Grieving, as observed by michael azzerad

In a recent interview on KUOW’s Sound Focus, music writer Michael Azzerad reflected on his memories of friend, Kurt Cobain. His interview tapes with Cobain are the basis for the documentary, Kurt Cobain: About a Son.

Michael was so devastated by Cobain’s death, that he didn’t listen to these tapes for almost ten years after he died. Eventually, film director AJ Schnack approached him, wanting to hear the interview tapes for his documentary. So he got them out and the two of them listened to them for the first time in many years.

Michael said he was surprised to find he actually enjoyed hearing Kurt’s voice. At the time of the interviews he was relatively healthy, happy, and writing music, and you could hear Michael laughing in the background of the tapes as they talked. He said he wasn’t upset when he heard the tapes, as he thought he would be. Rather, the experience revived the many great memories he had of Cobain, and it made him laugh to think about them.

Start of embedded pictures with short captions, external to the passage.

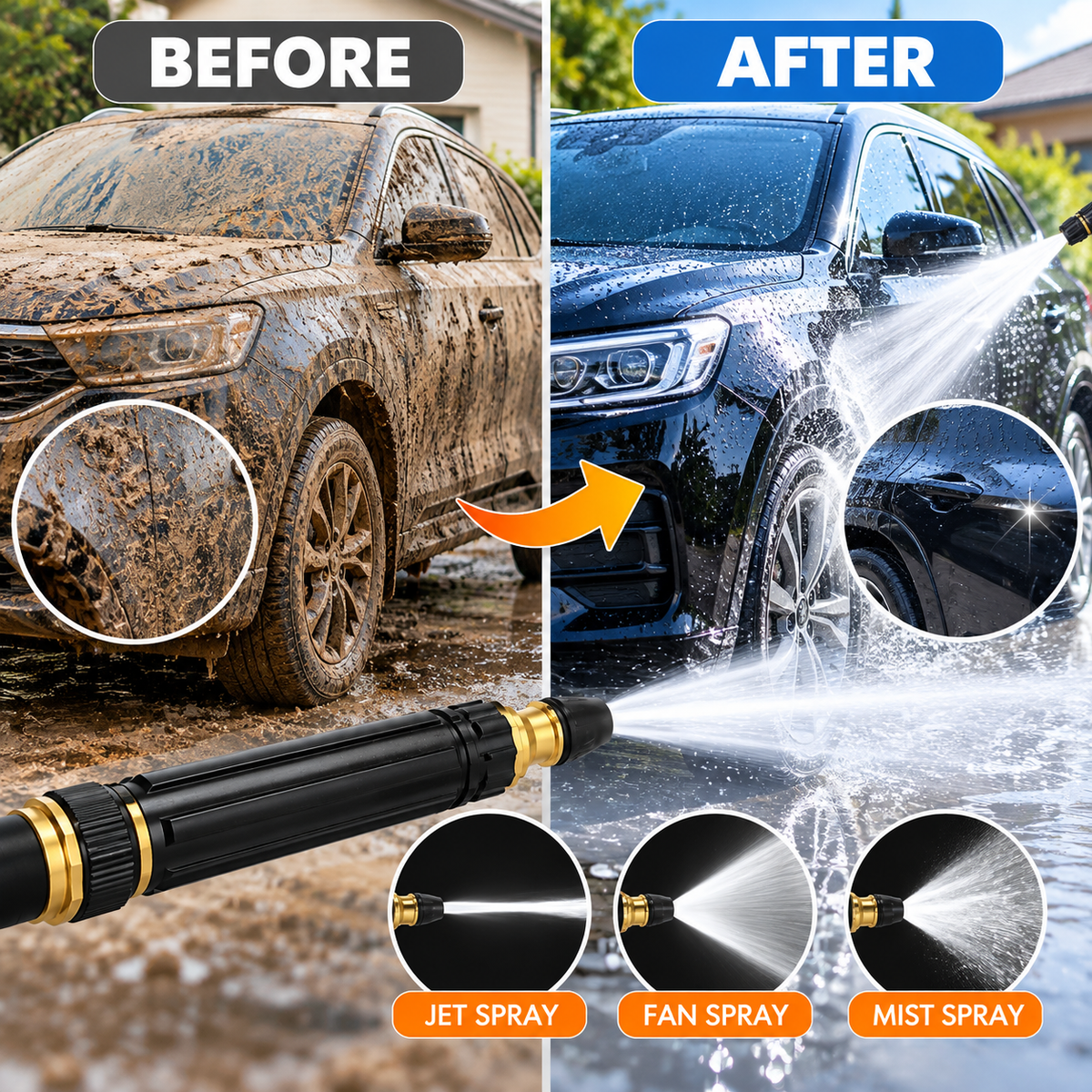High-Pressure Adjustable Water Spray Nozzle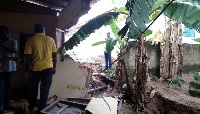 Parts of the wall erected around the school collapsed during a rainfall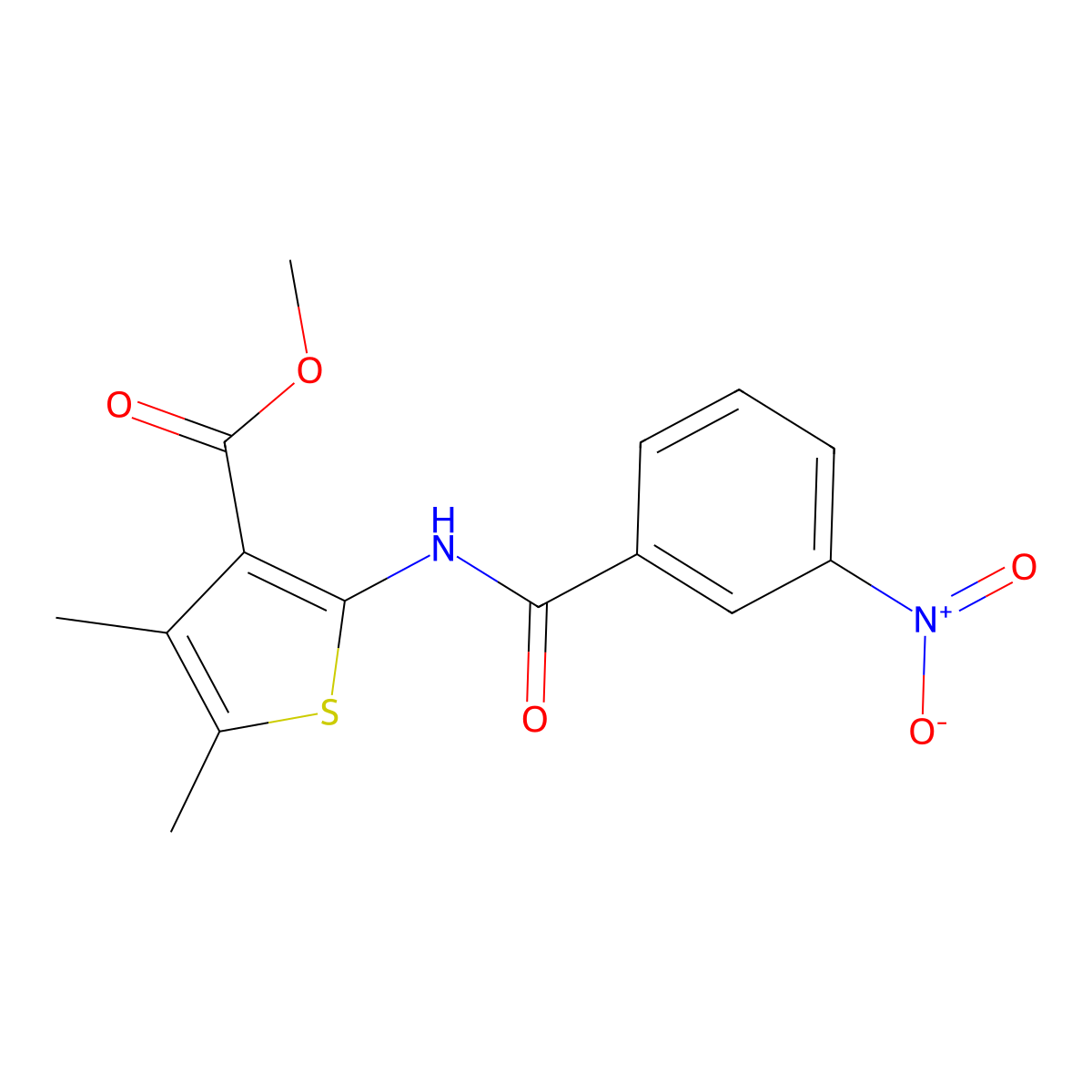 Methyl 4,5-dimethyl-2-(3-nitrobenzamido)thiophene-3-carboxylate molecular structure, CAS 309951-67-5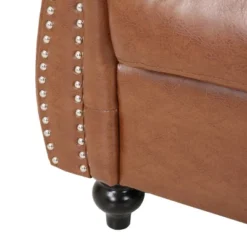 Silverdale Traditional Chesterfield Loveseat Cognac Brown/Dark Brown - Christopher Knight Home -Living Furniture GUEST 26427e7f 15e2 4b3a 9977 c7097fbc8477
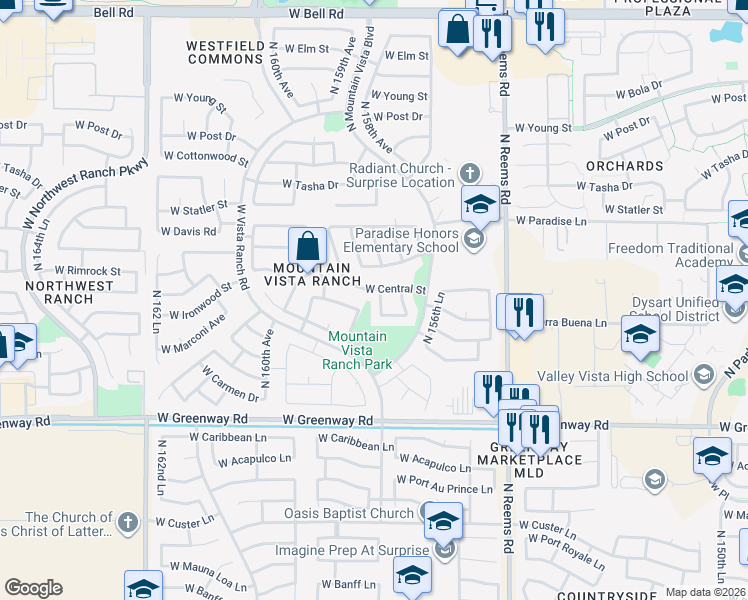map of restaurants, bars, coffee shops, grocery stores, and more near 16142 North 158th Avenue in Surprise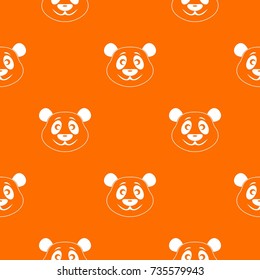 Panda pattern repeat seamless in orange color for any design. Vector geometric illustration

I was struck by this. Standing in the kitchen baking sugar cookies, I suddenly found myself identifying with a music writer I’ve never heard of who was grieving over the death of a famous friend. I haven’t exactly brought myself to look at any pictures of Gordy, or watch any video I may have of him, either, and I would likely crack if I heard his voice – I do miss his voice. But I was comforted that, over time, my grief will continue to morph from sadness to fondness of memories – as it has already begun to do.